Verhofstadt wściekły na Morawieckiego. "Czołowe zderzenie Polski z UE"
Mateusz Morawiecki opublikował w "Die Welt" artykuł, w którym krytykował Unię Europejską za jej imperialistyczne dążenia. Nie szczędził również cierpkich słów pod adresem Niemiec i Francji, których głos liczy się bardziej niż pozostałych państw.
Tą publikacją jest oburzony słynący z krytyki Polski europoseł Guy Verhofstadt. Kontrowersyjny polityk zamieścił wpis w tej sprawie w mediach społecznościowych. Jego zdaniem "nadciąga czołowe zderzenie między Unią Europejską a Polską".
"Polska przystępując do UE podpisała się pod rządami prawa, a Polacy masowo ją poparli. Polityka partyjna PiS nie może tego cofnąć i zniszczyć fundamentów naszej Unii!" – napisał polityk.
Verhofstadt krytykuje Polskę
Polityk jest znany ze swoich ataków na państwo polskie. W ostatnich latach wielokrotnie atakował Polskę oraz polskie władze.
Po tym jak Komisja Europejska wstępnie zaakceptowała polskie KPO Verhofstadt podjął kroki w celu odwołania Ursuli von der Leyen z funkcji szefowej KE. Kilka dni temu kontrowersyjny polityk ponownie zabrał głos w tej sprawie:
"Kaczyński chce się pozbyć Von der Leyen, jeśli nie zapłaci… My w Parlamencie Europejskim chcemy się jej pozbyć, jeśli zapłaci… Stawką jest dusza Europy" – napisał europoseł na Twitterze.
Jego zdaniem Jarosław Kaczyński kopiuje politykę Władimira Putina i chce zniewolić "dumnych Polaków".
Verhofstadt pisze po polsku i krytykuje PiS
Z kolei pod koniec zeszłego roku, po warszawskim szczycie prawicowych partii europejskich, Guy Verhofstad atakował Prawo i Sprawiedliwość, zarzucając polskim politykom prorosyjskość. Warto podkreślić, że belgisjski europoseł opublikował wpis w języku polskim.

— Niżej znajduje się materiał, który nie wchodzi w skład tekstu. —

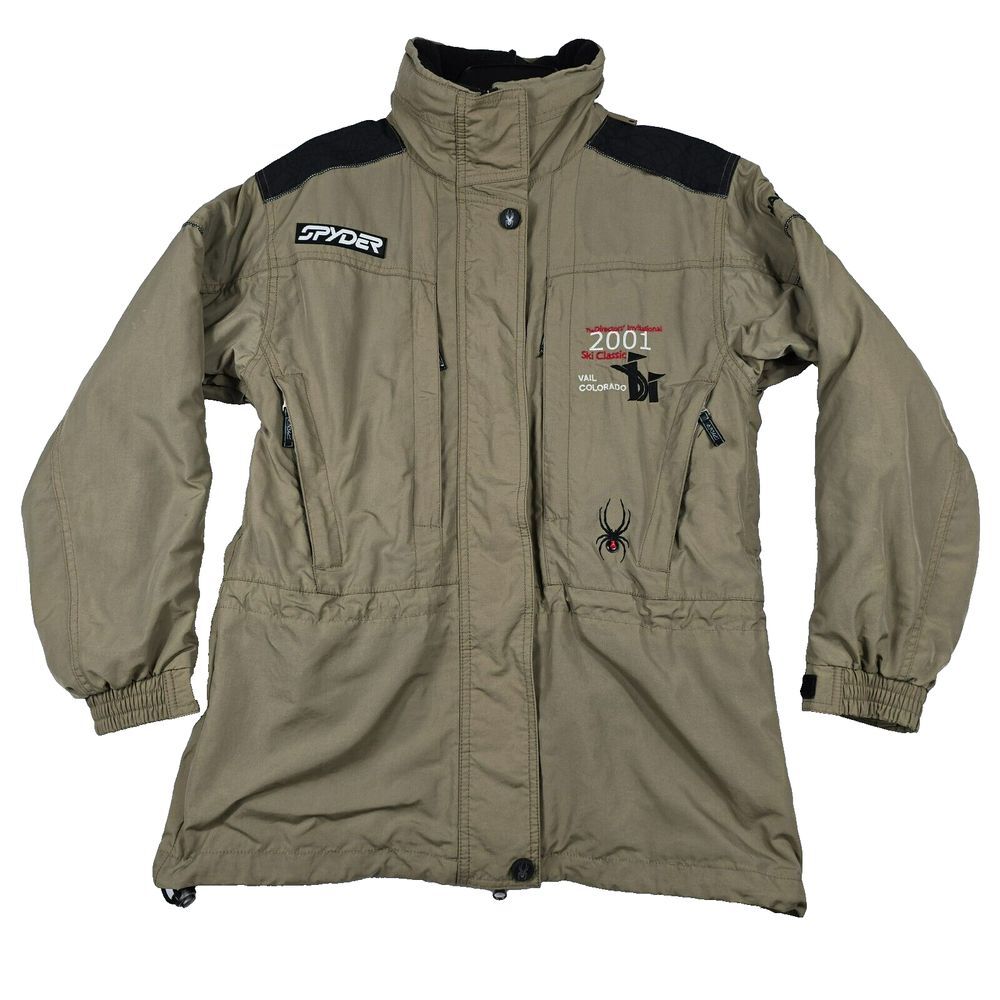 Spyder 2001 Ski Classic Vail Colorado‎ Women's Size 6 Tan Jacket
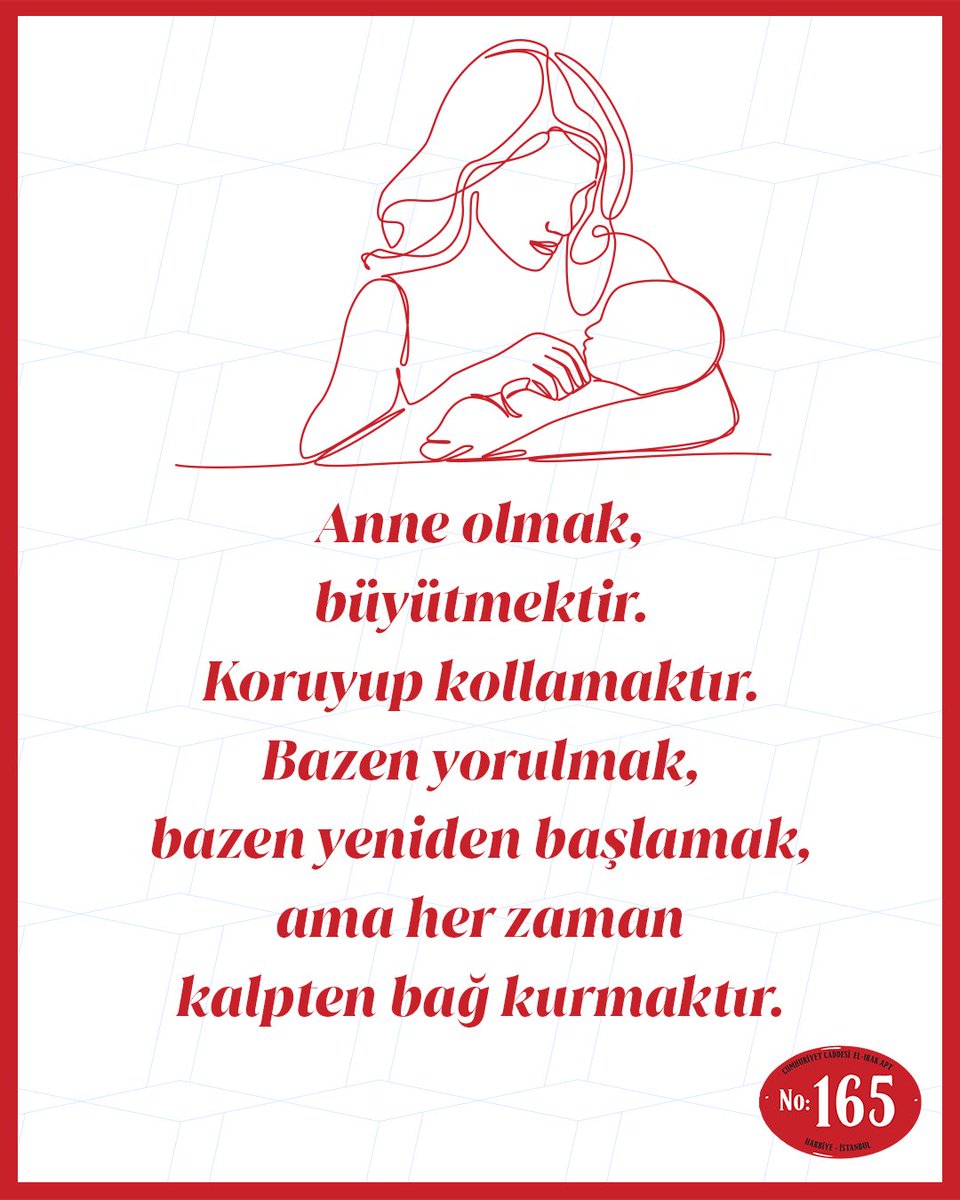 no165purpose's tweet photo. Sevginin tek bir tanımı, anneliğin tek bir yolu yok.✨
 
Kimi zaman bir çocuğun ilk adımında, kimi zaman bir patinin sıcaklığında, kimi zaman da binbir emekle yeşerttiğin bir hayalin içinde...
 
Kalbiyle büyüten, emeğiyle var eden tüm annelerin günü kutlu olsun! ♥️
 
#AnnelerGünü https://t.co/8bCpjpGMmK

"Tylko Putin i zero Europy…PiS przybliża Polskę coraz bardziej do ich narodowego koszmaru… wszystko w imię ślepych ambicji partyjnych !" – napisał europoseł.
Również kilka tygodni wcześniej Verhofstadt komentował po polsku spotkanie polityków PiS z Maine Le Pen. Europoseł zarzucał polskim władzom wówczas "nienawiść do Europy".
„Cóż za osobliwe połączenie! Łącząca Was nienawiść w stosunku do Europy musi być większa niż dzielący Was stosunek do jej wrogów. Chyba że Mateusz Morawiecki też już dołączył do obozu Putina” – napisał wówczas Verhofstadt.
Jakiej Unii chce Verhofstadt?
Z kolei na początku roku w Warszawie skończyły się trzydniowe obrady Konferencji w sprawie przyszłości Europy dotyczące zmian klimatu, środowiska i zdrowia. Verhofstadt przyznał wówczas, że domaga się podjęcia działań w sprawie wykształcenia "europejskiej suwerenności".
– Unia Europejska, to mój osobisty pogląd, nie przetrwa, jeśli jej nie zmienimy, jeśli jej nie zreformujemy. Celem Konferencji ws. przyszłości Europy jest zdefiniowanie kierunku, przyszłego kierunku dla Unii Europejskiej – podkreślił obecny w Warszawie Guy Verhofstadt.
Zdaniem byłego premiera Belgii, zmiany są konieczne, abyśmy mogli uporać się z tymi problemami i obronić suwerenność europejską na poziomie światowym, ponieważ na tę chwilę "nie ma europejskiej suwerenności na poziomie globalnym". W przeciwnym razie, według Verhofstadta, to Amerykanie, Chińczycy, Rosjanie zadecydują o naszej przyszłości.